Music as an Art begins by examining music through a philosophical lens, engaging in discussions about tonality, music and the moral life, music and cognitive science and German idealism, as well as recalling the author's struggle to encourage his students to distinguish the qualities of good music. Scruton then explains – via erudite chapters on Schubert, Britten, Rameau, opera and film – how we can develop greater judgement in music, recognising both good taste and bad, establishing musical values, as well as musical pleasures.

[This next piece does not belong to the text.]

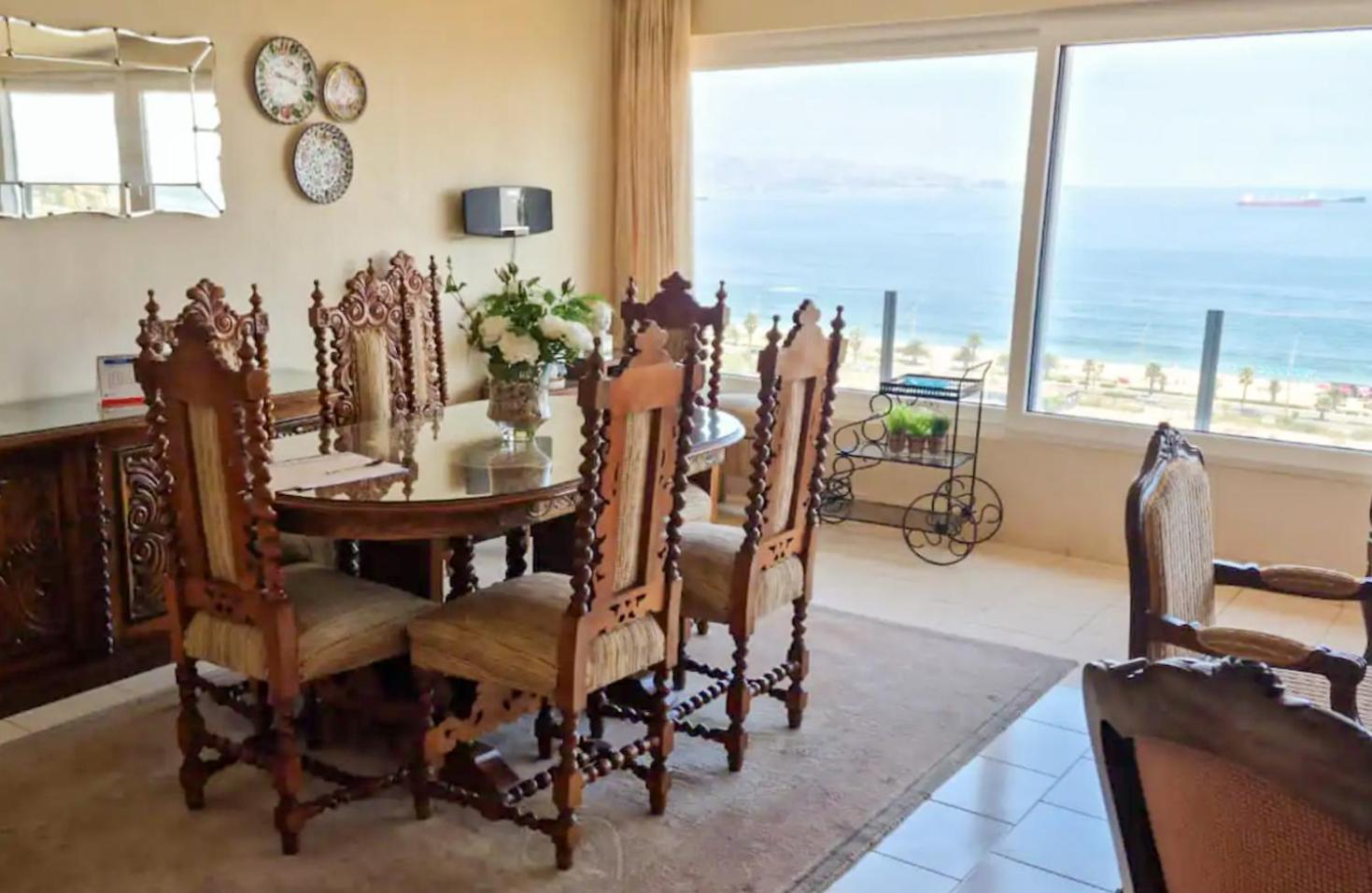 Espacioso y Hermoso departamento con vista 180º al mar insuperable! Excelente ubicación, conexión directa a la playa - caminable, con estacionamiento, vigi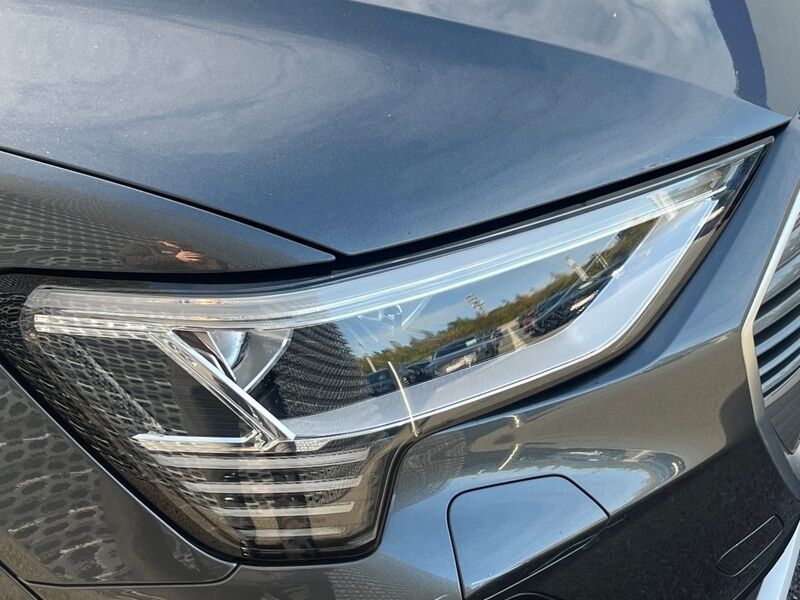 More views of Audi E-Tron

As Scruton argues in this book, in earlier times, our musical culture had secure foundations in the church, the concert hall and the home; in the ceremonies and celebrations of ordinary life, religion and manners. Yet we no longer live in that world. Fewer people now play instruments and music is, for many, a form of largely solitary enjoyment. As he shows in Music as an Art, we live at a critical time for classical music, and this book is an important contribution to the debate, of which we stand in need, concerning the place of music in Western civilization.
PUBLISHERS WEEKLY
Scruton (Understanding Music) fastidiously argues for tonality and expression as significant components of musical compositions in this enlightening academic work. Scruton breaks down the various features of individual pieces, such as Rachmaninoff's grand symphonies and Schubert's complex melodies. He writes that Schubert, one of his favorite composers, is revered for his ability to retain a single melody while changing the tonal center in each bar of music, but "none of this is trickery; always there is purpose to Schubert's innovations, and always they enhance the dramatic power and emotional intensity of the whole." In "Film Music," Scruton maintains that "John Williams's Harry Potter scores and Howard Shore's evocative music for Lord of the Rings exhibit a mastery of harmonic sequences, polyphonic organization, and orchestral effect that would be the envy of many a composer for the concert hall." Moving on to pop music, Scruton observes how the "melodies of the Beatles... were often highly adventurous, with internal rhyming and modulations into neighboring keys" Scruton is theoretical as he deconstructs certain pieces note for note, but he is aware that not everyone studied music theory: "You don't need the technicalities in order to hear what is going on." Music scholars will most appreciate this discussion of tonality.